6. The plaintiff offered in evidence the books of accounts kept by the defendant Fife of the transactions between the parties for the purpose of showing that they conducted the business under a new contract and not under the written one. The plaintiff did not claim that the books contained any evidence of conversion of the property sued for, but that they showed that the defendants had not paid or credited the plaintiff with kiln-drying and dressing different kinds of lumber as provided in the written contract. The exceptions show that Fife kept the books and entered on one side all receipts from the business and on the other side all sums paid out by the defendants. The defendants did not claim that the books showed items of credit for kiln-drying and dressing lumber unless they were included in gross sums credited to the plaintiff. The plaintiff claimed that *411these gross sums did not include the items for kiln-drying-and dressing lumber. The credit side of the books was first offered and excluded and afterwards both sides were excluded. The precise point of the exception to this ruling was not that the books were incorrectly kept, but that they were correct and failed to show credits to the plaintiff which would have appeared if the parties had been conducting business under the written contract. It may be true that "gross amounts” included these items, but whether they did or not was a fact for the jury to determine upon proper evidence. If those items were not credited to the plaintiff, the fact of their omission tended to show that the parties were operating under a new contract. We think the exclusion of the books for the purpose for which they were offered was error.

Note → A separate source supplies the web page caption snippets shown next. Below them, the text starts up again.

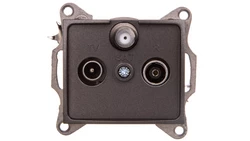 DOMO Gniazdo RTV/SAT końcowe grafit 011350041 24925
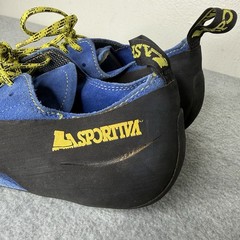 La Sportiva Blue Yellow Cliff Climbing Shoes Rock Outdoor Men’s US 9.5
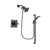 Delta Dryden Venetian Bronze Finish Shower Faucet System Package with Square Showerhead and Modern Handheld Shower Spray with Slide Bar Includes Rough-in Valve DSP3106V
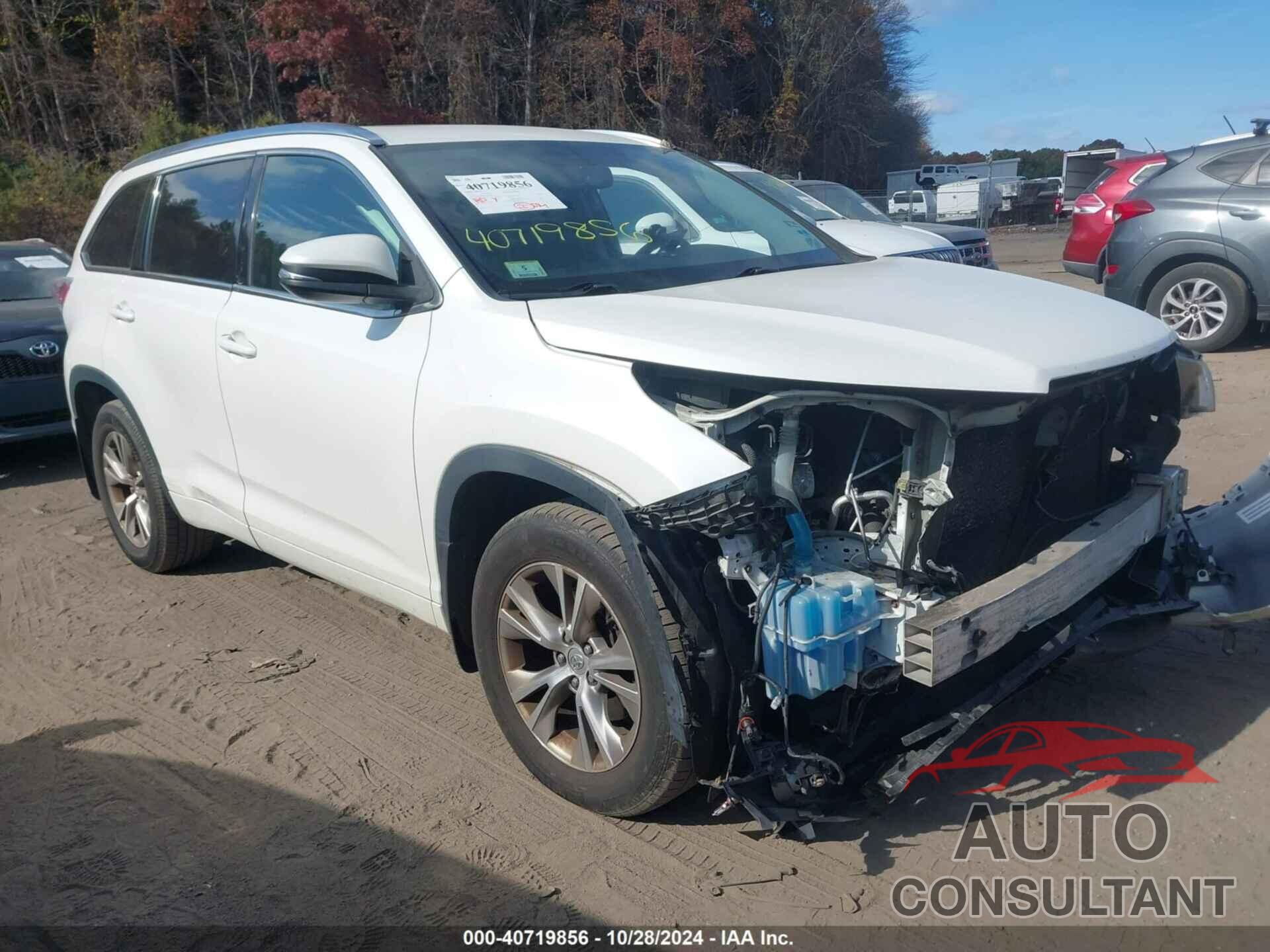 TOYOTA HIGHLANDER 2014 - 5TDJKRFH6ES055041
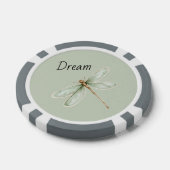 Minztraum Libelle Pokerchips (Einzeln)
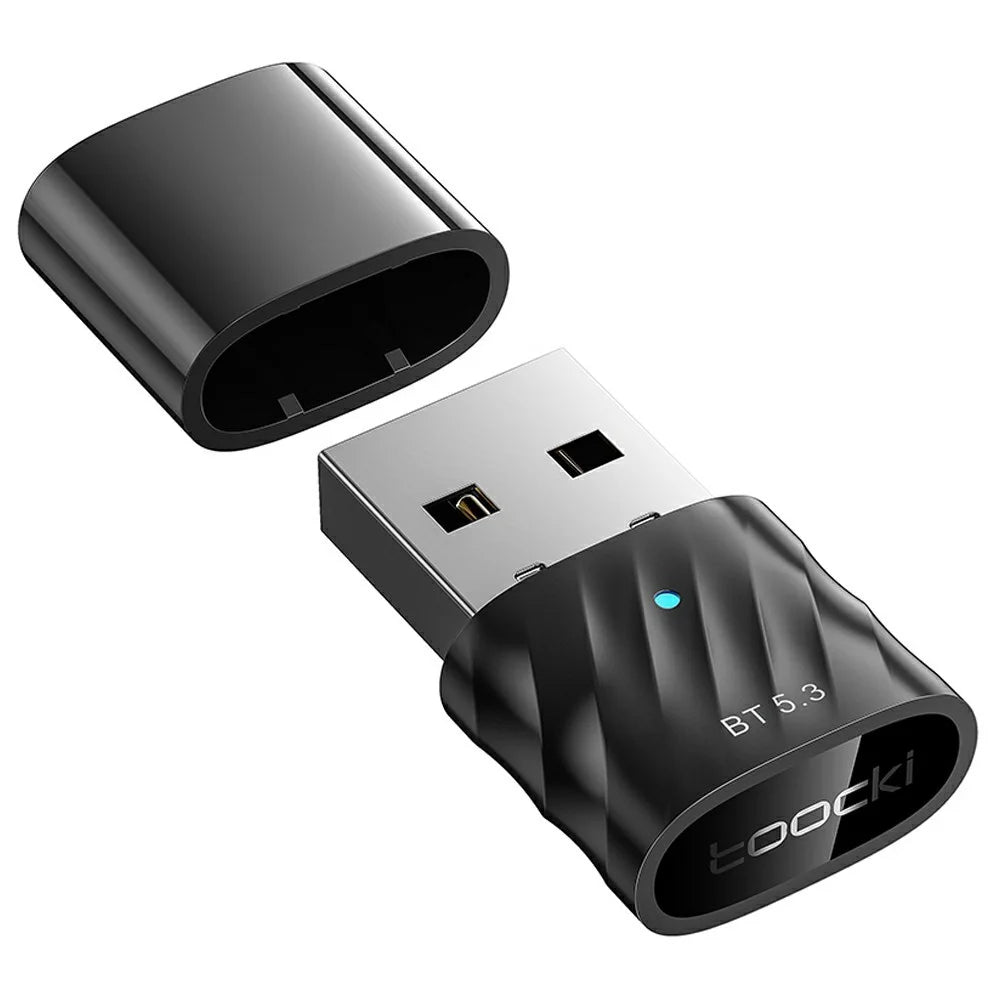 TOOCKI TQ-BT03A USB Bluetooth-compatible 5.3 Adapter 20M Range 7 Devices Connect Wireless Adapter for PC Laptop - 1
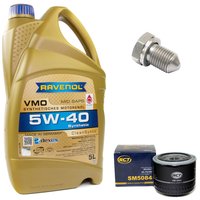 Engineoil set VMO SAE 5W-40 5 liters + Oil Filter SM5084...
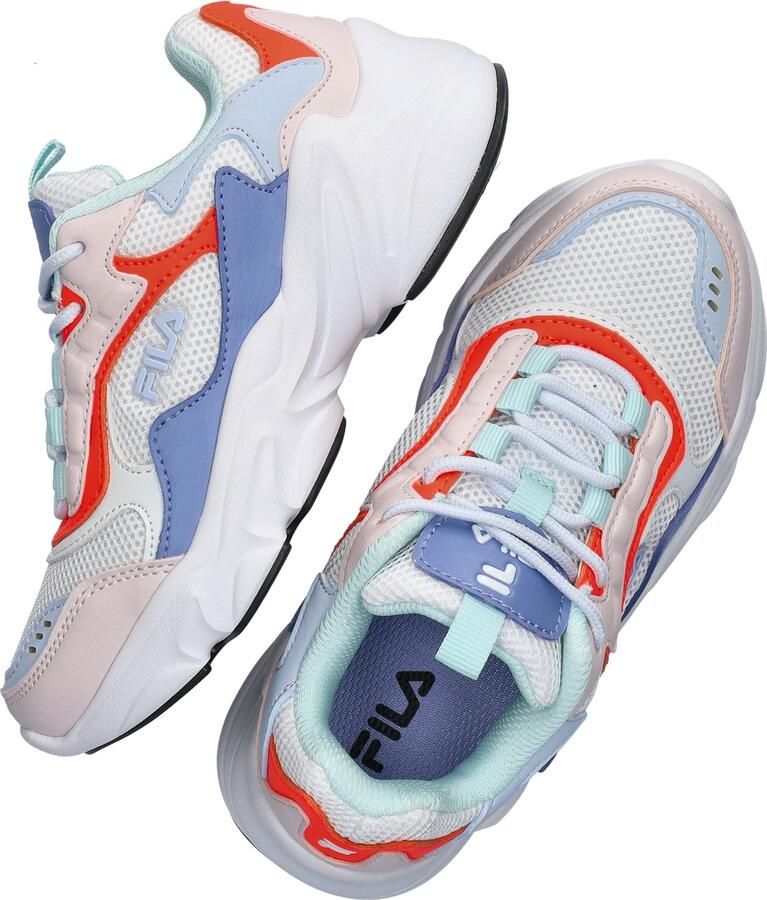 Fila Collene CB sneakers koraalrood lichtblauw - Foto 5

7. The defendants’ counsel said in argument to the jury that after defendant Fife began dealing with the plaintiff the parties were presumed to continue to transact business under the written contract as the plaintiff and Child had previously done. In the circumstances of this case there was no legal presumption of a continuance of the written contract, like the presumption of the continuance of life, or sanity, or even of a partnership, for here it was conceded that after the plaintiff and Child had been in business two or three years under the written contract, a verbal agreement was made between the plaintiff and both defendants by which the latter were "to finance the plaintiff,” etc. So there was an interruption of the former agreement, and the question was whether the parties then agreed upon new terms, or to continue business under the terms of the old contract. From what appears in the exceptions we do not understand that the defendants ’ counsel was stating a legal presumption to the jury, but argued, as a presumption of fact, that the terms of the written contract were adopted. A schedule of prices having been adopted in the written contract to be allowed the plaintiff for kiln-drying and dressing the lumber, it was legitimate argument to urge to the jury that it was a reasonable presumption that the parties conducted the business under that schedule, especially if the evidence did not disclose a reason for a change in prices. Prof. Greenleaf says, Vol. 1, § 44, that presumptions of fact are mere arguments, of which the major premise is not á rule of law; that they belong equally to any and every subject-matter, and are to be judged by the common and *412received tests of the truth of propositions and the validity of arguments; that while presumptions of law depend upon feed rules, these natural presumptions are'derived wholly and directly from the circumstances of the particular case, by means of the common experience of mankind. There was no error in the refusal of the court to comply with the plaintiff’s request made at the end of the charge to instruct the jury that there was no presumption of a continuance of the written contract.

Judgment reversed and cause remanded.